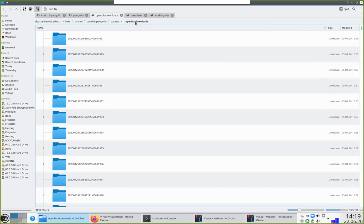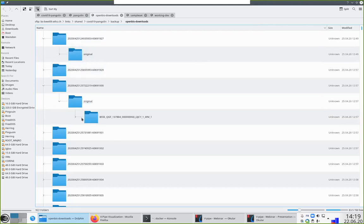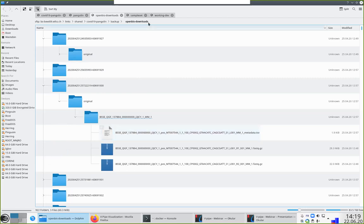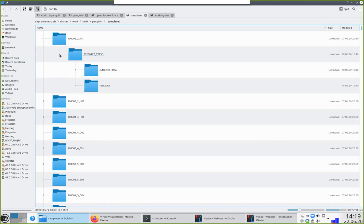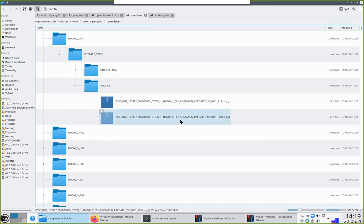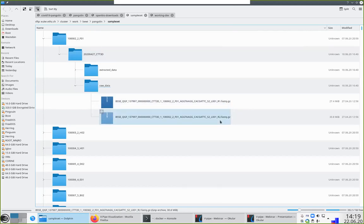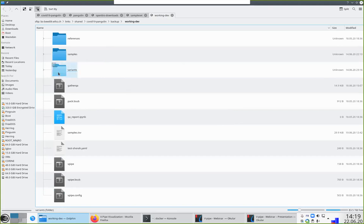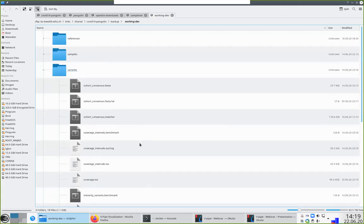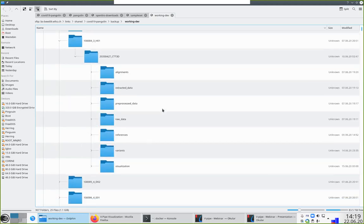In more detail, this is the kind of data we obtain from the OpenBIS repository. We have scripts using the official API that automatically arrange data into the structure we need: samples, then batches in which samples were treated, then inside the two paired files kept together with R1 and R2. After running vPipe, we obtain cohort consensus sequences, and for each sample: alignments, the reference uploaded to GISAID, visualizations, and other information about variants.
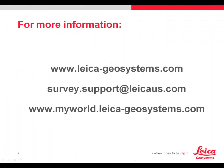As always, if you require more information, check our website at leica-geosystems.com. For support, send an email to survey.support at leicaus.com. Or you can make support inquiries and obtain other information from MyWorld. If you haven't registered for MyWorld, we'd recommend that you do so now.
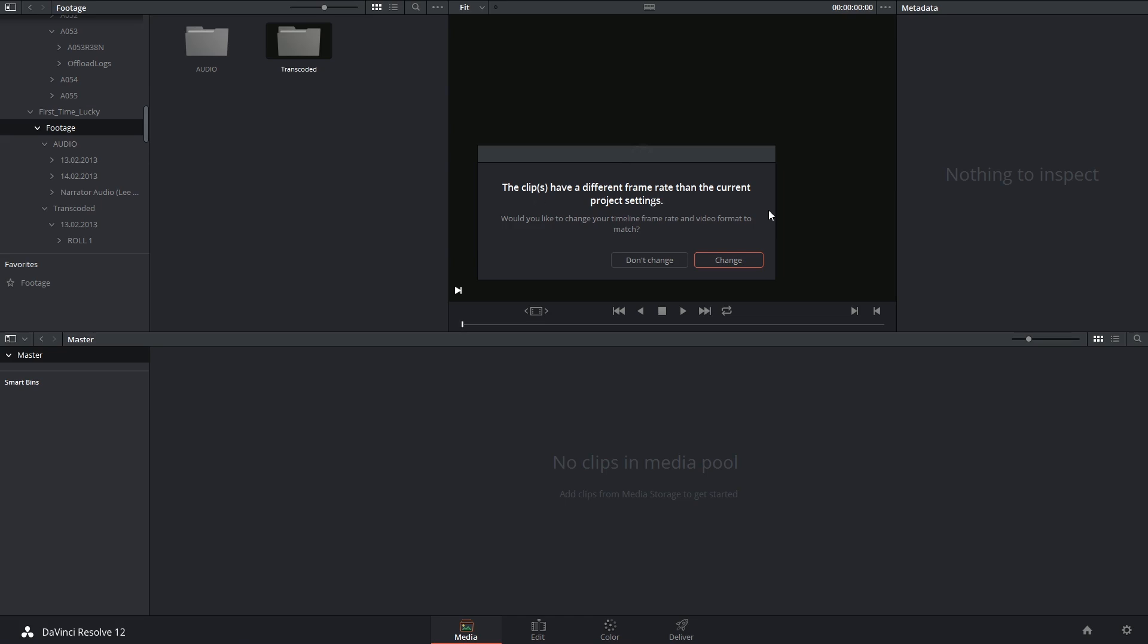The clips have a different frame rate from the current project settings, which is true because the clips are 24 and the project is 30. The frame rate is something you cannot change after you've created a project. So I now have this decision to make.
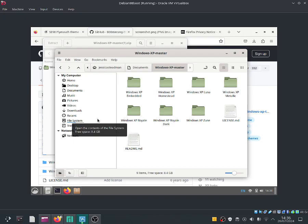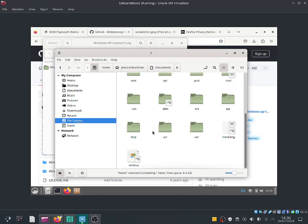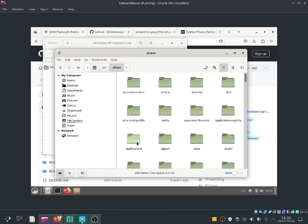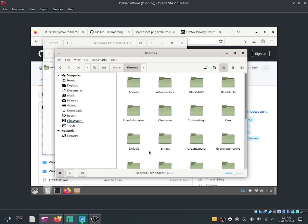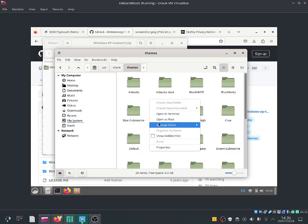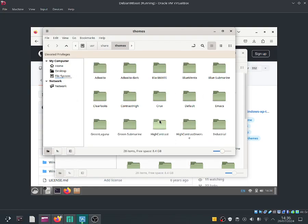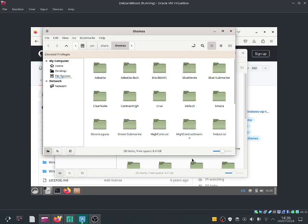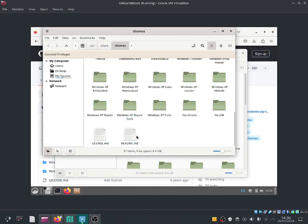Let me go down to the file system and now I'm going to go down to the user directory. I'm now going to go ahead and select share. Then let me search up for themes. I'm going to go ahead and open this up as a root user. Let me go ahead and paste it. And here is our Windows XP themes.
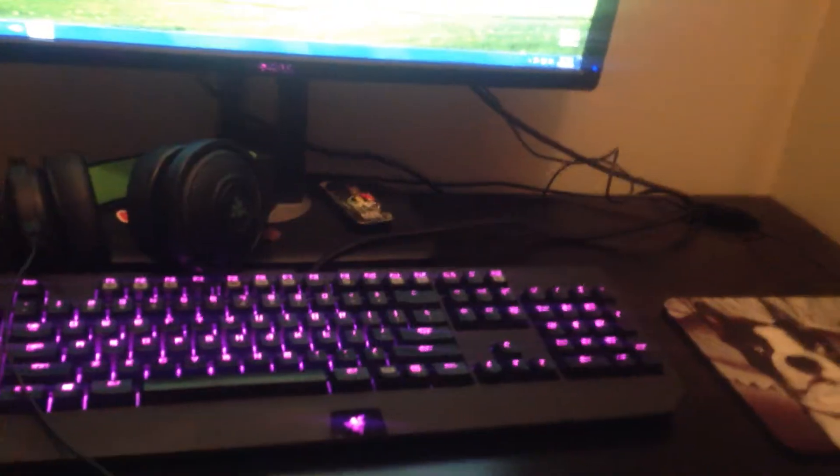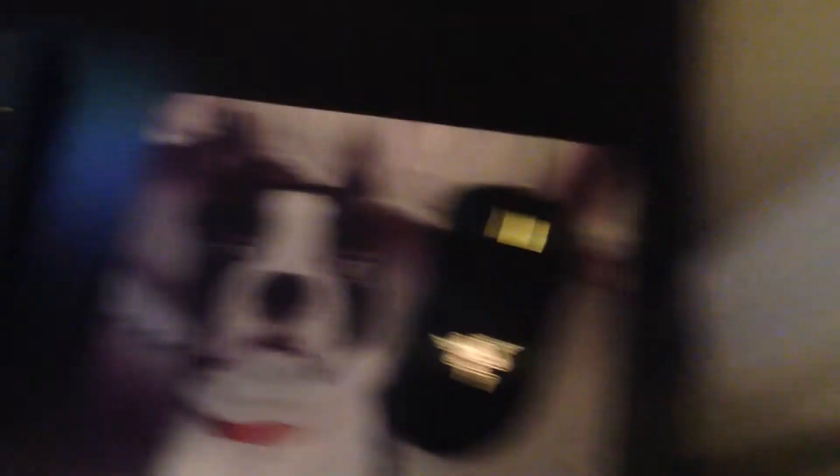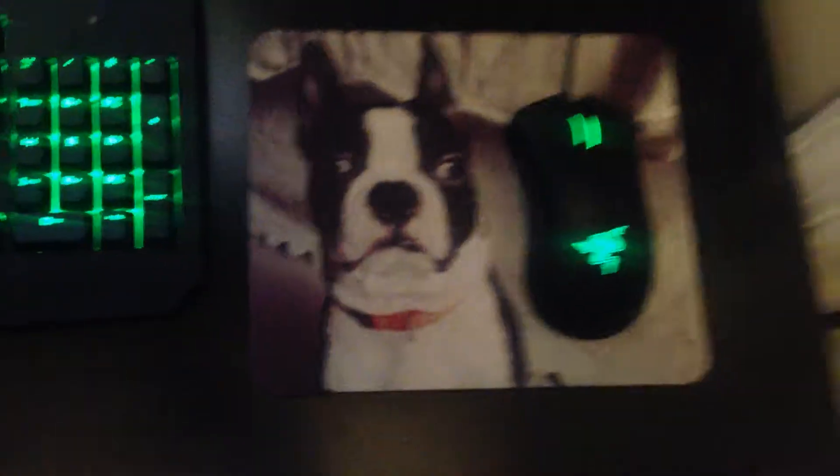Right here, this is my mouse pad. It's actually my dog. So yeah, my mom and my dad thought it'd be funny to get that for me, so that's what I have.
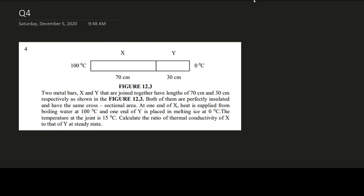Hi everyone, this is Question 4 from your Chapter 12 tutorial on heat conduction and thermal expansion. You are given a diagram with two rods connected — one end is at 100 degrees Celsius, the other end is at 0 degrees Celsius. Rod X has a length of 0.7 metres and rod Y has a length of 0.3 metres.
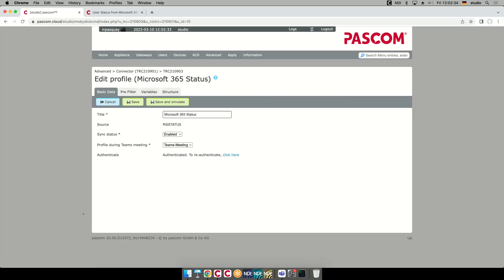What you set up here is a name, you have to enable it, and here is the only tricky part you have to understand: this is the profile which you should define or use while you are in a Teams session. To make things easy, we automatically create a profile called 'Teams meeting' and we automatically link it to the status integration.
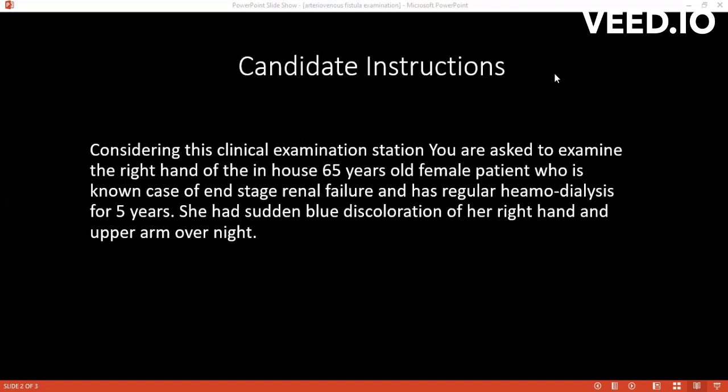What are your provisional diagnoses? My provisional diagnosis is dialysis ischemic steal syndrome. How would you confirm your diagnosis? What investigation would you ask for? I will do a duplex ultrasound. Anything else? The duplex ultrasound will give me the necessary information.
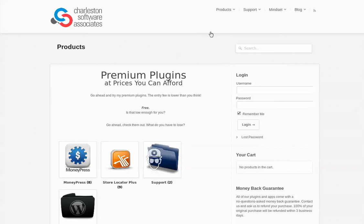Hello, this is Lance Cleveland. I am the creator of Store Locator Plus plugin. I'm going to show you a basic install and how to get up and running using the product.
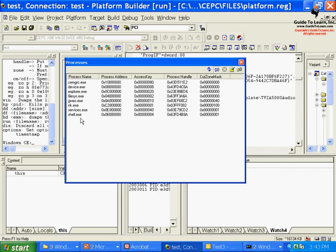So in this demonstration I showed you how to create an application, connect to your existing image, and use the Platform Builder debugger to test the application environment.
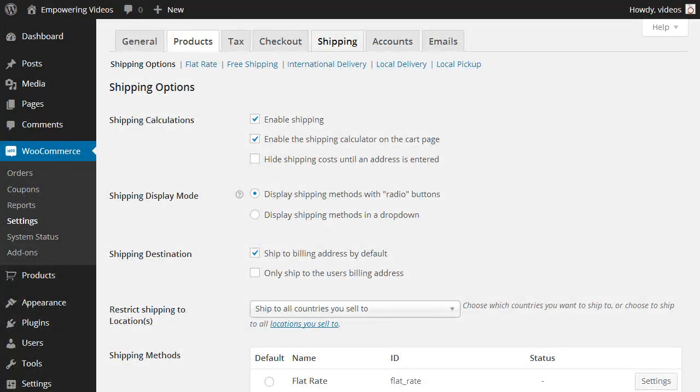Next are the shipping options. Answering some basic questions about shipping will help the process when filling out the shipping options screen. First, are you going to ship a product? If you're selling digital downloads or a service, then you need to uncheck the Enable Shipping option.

■ ■ ■

▶ Assignment: Every entry must be transcribed exactly. Pictures do not belong in the copy.

▶ Written answer:
In more detail, this is the kind of data we obtain from the OpenBIS repository. We have scripts using the official API that automatically arrange data into the structure we need: samples, then batches in which samples were treated, then inside the two paired files kept together with R1 and R2. After running vPipe, we obtain cohort consensus sequences, and for each sample: alignments, the reference uploaded to GISAID, visualizations, and other information about variants.
As always, if you require more information, check our website at leica-geosystems.com. For support, send an email to survey.support at leicaus.com. Or you can make support inquiries and obtain other information from MyWorld. If you haven't registered for MyWorld, we'd recommend that you do so now.
The clips have a different frame rate from the current project settings, which is true because the clips are 24 and the project is 30. The frame rate is something you cannot change after you've created a project. So I now have this decision to make.
Let me go down to the file system and now I'm going to go down to the user directory. I'm now going to go ahead and select share. Then let me search up for themes. I'm going to go ahead and open this up as a root user. Let me go ahead and paste it. And here is our Windows XP themes.
Right here, this is my mouse pad. It's actually my dog. So yeah, my mom and my dad thought it'd be funny to get that for me, so that's what I have.
Hi everyone, this is Question 4 from your Chapter 12 tutorial on heat conduction and thermal expansion. You are given a diagram with two rods connected — one end is at 100 degrees Celsius, the other end is at 0 degrees Celsius. Rod X has a length of 0.7 metres and rod Y has a length of 0.3 metres.
What you set up here is a name, you have to enable it, and here is the only tricky part you have to understand: this is the profile which you should define or use while you are in a Teams session. To make things easy, we automatically create a profile called 'Teams meeting' and we automatically link it to the status integration.
What are your provisional diagnoses? My provisional diagnosis is dialysis ischemic steal syndrome. How would you confirm your diagnosis? What investigation would you ask for? I will do a duplex ultrasound. Anything else? The duplex ultrasound will give me the necessary information.
Hello, this is Lance Cleveland. I am the creator of Store Locator Plus plugin. I'm going to show you a basic install and how to get up and running using the product.
So in this demonstration I showed you how to create an application, connect to your existing image, and use the Platform Builder debugger to test the application environment.
Next are the shipping options. Answering some basic questions about shipping will help the process when filling out the shipping options screen. First, are you going to ship a product? If you're selling digital downloads or a service, then you need to uncheck the Enable Shipping option.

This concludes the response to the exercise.